Ik baal er wel enorm van. Olijf was een duur verjaardagscadeau van enkele familieleden. Ik was er gelijk weg van en kocht een dure, witte pot voor hem. En speciale potgrond. Hij kreeg een mooi plekje, waar hij goed zichtbaar was.
Maandenlang heb ik op vruchten gewacht, maar die kwamen er niet. En toch had het boompje iets: zijn grijsgroene bladeren en verweerde stam gaven me het idee dat ik in Zuid-Frankrijk was. Ik voelde de mediterrane zon soms bijna op m’n huid branden en hoorde het geklik van jeu-de-boulesballen in m’n oren.
Natuurlijk had ik kunnen weten dat Olijf de Nederlandse winters niet aankan. Natuurlijk had ik hem bij nachtvorst naar binnen moeten halen of er een zak omheen moeten doen. Net als de buren. Dan had-ie nu misschien nog geleefd. Maar ja…
Terwijl ik boven de container de grond uit de wortels schud, breekt er opeens een takje af. Dat maakt nu ook niet meer uit, denk ik eerst. Maar dan zie ik opeens iets onverwachts. Binnen in het dode hout schemert groen. Wat nu? Op zoek naar een antwoord zet ik Olijf voorlopig terug in zijn pot.
De vraag houdt me nog altijd bezig als ik op zondag een preek over Jesaja 11 hoor. Over een afgehouwen tronk en een twijgje dat zal uitgroeien tot een grote boom. Een Bijbelgedeelte dat hoop biedt.

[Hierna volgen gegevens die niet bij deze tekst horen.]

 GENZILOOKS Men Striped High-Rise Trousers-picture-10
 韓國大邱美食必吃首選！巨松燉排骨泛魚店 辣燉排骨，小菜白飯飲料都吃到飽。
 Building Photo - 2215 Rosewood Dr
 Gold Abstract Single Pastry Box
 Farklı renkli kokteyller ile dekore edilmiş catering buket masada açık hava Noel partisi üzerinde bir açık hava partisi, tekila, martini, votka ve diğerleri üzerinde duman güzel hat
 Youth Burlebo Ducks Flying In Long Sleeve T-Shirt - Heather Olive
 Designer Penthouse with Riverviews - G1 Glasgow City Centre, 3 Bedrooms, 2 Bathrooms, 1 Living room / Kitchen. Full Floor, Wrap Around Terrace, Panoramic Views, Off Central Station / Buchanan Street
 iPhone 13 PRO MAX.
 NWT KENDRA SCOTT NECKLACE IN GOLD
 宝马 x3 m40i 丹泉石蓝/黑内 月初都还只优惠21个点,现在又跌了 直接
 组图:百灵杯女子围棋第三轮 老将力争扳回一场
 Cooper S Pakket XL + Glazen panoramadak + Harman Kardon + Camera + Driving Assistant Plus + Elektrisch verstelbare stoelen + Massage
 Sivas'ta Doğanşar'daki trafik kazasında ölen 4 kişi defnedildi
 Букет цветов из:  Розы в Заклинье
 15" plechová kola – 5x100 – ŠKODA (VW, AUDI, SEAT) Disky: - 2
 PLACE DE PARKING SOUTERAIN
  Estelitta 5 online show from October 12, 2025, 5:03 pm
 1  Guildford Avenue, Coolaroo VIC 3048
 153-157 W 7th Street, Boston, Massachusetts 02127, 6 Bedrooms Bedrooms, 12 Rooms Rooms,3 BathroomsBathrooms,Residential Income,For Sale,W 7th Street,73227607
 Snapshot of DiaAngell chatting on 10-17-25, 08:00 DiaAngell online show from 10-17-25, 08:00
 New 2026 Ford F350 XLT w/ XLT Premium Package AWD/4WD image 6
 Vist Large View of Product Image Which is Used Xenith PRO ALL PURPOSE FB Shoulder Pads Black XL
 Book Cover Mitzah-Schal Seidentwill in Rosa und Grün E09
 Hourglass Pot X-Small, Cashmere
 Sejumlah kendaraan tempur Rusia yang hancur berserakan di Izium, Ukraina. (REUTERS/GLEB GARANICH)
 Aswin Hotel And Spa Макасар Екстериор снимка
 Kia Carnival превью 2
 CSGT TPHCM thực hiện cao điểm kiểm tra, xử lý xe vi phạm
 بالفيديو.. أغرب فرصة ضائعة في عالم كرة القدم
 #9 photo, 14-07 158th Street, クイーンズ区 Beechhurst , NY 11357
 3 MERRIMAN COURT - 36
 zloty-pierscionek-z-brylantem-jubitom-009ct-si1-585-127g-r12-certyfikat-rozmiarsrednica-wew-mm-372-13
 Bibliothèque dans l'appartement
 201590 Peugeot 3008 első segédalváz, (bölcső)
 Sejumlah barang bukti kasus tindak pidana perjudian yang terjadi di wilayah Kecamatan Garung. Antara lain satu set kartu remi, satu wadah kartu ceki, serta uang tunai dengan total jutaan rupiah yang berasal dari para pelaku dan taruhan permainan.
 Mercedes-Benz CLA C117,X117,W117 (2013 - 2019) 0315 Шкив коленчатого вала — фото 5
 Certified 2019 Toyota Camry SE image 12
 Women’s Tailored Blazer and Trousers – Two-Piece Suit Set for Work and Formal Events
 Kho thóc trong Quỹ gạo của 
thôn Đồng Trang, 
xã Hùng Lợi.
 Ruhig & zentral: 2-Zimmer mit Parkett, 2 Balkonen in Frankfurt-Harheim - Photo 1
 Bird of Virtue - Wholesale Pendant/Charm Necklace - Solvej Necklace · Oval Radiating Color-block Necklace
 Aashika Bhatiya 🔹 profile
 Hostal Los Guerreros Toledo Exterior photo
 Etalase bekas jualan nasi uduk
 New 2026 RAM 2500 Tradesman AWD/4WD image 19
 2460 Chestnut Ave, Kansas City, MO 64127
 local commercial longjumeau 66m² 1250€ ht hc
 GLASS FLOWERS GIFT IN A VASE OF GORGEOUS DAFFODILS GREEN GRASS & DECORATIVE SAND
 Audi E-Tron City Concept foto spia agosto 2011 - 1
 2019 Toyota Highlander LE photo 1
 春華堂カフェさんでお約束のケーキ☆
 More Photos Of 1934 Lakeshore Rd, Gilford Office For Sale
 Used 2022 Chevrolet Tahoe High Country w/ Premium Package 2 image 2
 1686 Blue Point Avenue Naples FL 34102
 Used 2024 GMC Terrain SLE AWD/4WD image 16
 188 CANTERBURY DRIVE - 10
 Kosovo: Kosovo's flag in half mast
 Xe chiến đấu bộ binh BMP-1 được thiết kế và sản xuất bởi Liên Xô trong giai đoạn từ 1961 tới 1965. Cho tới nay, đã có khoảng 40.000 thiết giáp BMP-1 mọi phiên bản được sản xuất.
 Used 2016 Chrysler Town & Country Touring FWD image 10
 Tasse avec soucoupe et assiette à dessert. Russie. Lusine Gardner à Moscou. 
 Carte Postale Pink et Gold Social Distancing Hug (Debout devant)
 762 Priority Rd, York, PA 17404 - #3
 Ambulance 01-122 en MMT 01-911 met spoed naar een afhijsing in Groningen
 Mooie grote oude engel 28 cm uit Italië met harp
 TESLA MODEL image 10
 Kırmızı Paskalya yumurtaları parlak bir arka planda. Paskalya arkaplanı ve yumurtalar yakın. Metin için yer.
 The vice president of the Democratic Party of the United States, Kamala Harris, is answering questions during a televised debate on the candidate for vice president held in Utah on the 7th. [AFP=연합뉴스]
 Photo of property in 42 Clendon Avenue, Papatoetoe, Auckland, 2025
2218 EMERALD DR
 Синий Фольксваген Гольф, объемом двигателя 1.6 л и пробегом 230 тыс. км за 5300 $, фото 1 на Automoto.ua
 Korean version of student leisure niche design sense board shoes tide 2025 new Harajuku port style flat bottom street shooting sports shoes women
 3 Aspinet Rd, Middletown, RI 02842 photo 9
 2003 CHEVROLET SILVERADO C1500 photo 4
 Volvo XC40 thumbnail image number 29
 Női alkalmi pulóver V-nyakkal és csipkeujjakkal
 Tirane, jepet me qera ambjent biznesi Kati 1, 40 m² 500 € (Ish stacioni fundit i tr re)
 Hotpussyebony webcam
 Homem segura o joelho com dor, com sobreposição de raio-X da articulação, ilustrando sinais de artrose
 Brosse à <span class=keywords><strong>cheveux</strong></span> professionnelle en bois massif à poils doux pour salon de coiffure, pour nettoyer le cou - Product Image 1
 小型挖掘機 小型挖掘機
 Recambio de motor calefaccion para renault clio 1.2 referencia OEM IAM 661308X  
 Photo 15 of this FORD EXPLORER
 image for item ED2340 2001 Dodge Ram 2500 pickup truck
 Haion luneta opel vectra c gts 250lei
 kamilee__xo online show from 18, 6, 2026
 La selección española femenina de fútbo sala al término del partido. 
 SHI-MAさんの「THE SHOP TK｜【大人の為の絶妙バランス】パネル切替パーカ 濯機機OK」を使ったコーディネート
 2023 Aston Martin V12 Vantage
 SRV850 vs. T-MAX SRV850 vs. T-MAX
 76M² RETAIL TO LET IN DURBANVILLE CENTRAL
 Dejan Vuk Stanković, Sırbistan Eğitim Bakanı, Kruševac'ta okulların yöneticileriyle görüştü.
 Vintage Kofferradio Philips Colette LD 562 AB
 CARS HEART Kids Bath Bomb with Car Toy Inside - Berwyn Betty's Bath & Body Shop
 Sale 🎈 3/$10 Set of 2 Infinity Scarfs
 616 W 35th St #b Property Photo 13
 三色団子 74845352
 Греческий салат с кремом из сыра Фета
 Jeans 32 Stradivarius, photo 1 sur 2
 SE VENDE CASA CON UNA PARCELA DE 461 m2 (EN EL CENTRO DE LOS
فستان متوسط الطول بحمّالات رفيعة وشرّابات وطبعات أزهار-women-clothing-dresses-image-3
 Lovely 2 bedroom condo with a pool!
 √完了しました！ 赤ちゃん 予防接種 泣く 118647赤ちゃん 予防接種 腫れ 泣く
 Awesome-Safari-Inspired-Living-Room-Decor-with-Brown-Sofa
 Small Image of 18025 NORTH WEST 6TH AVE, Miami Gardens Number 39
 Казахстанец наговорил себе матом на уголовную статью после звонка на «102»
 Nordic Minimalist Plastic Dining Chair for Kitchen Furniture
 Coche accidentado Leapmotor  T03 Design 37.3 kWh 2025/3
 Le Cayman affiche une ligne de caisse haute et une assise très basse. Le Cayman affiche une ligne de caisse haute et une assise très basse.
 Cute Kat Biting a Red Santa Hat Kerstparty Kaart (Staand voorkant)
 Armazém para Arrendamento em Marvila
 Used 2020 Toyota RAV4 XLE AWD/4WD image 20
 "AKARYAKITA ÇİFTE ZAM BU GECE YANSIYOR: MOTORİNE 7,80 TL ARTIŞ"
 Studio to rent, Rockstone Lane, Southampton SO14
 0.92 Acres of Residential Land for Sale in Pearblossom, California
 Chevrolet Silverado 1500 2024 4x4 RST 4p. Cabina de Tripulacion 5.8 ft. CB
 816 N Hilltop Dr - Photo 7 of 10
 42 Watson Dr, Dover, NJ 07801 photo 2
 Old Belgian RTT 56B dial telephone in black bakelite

En hoewel mijn boompje niet afgehouwen is, moet ik hier nu toch aan denken. Is de plant echt dood of lijkt dat maar zo? En: zou God ook zo naar mij en Zijn andere schepsels kijken?
Een paar dagen later sta ik weer met mijn boompje voor de container. Houden of weggooien? Het lijkt opeens geen vraag meer.
Ik besluit het boompje een tweede kans te geven. Geen gft-bak, maar nieuwe aarde en mest. En een mooi plekje in de veranda. Nu maar afwachten of er nog weer nieuwe blaadjes aan zullen komen.
En heel misschien volgt er zelfs wel een olijf.